El año pasado se cumplieron 10 años de la reforma constitucional en materia de derechos humanos que abrió nuestra Constitución al derecho internacional y robusteció los mecanismos para su garantía. Desde aquel momento subrayé su carácter histórico: una reforma capaz de transformar el derecho y la justicia en nuestro país mediante el desarrollo expansivo de los derechos humanos.
Con todo, para lograrlo era indispensable la labor interpretativa del tribunal constitucional, pues ninguna reforma tiene la capacidad de alcanzar sus fines por sí sola. Así, en 2011 las ministras y ministros de la Suprema Corte enfrentamos una decisión histórica: impulsar la visión garantista de la reforma o continuar atrapados en el pasado. Tomarnos en serio la Constitución y desarrollar una jurisprudencia robusta en beneficio de la gente, o seguir encerrados en el formalismo y la indiferencia. Convertirnos en un auténtico Tribunal Constitucional o renunciar a serlo.

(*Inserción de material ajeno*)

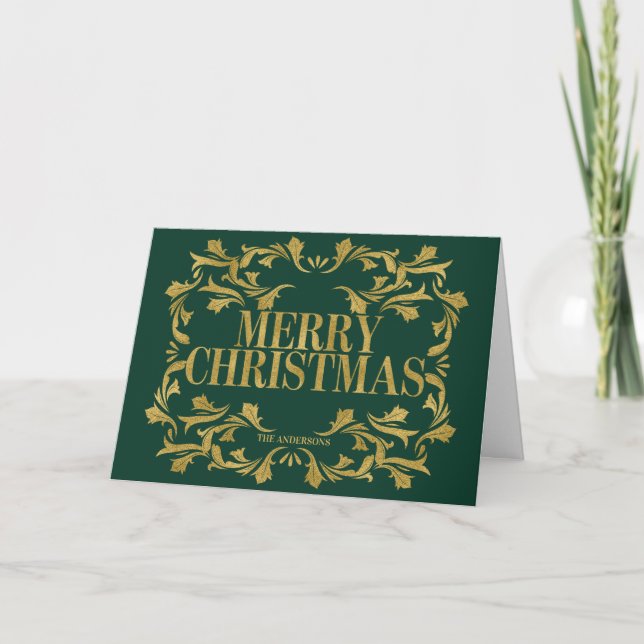 Elégante carte de voeux de Noël Joyeux Or Orné (Devant)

Para mí, la ruta a seguir era clara: debíamos desarrollar los derechos humanos y darles efectividad. La tarea no era menor, pues nuestra cultura jurídica —cerrada, legalista y letrista— no estaba preparada para una revolución de esta magnitud. ¿Cómo podíamos consolidar el rol de la Suprema Corte como un auténtico defensor de los derechos humanos?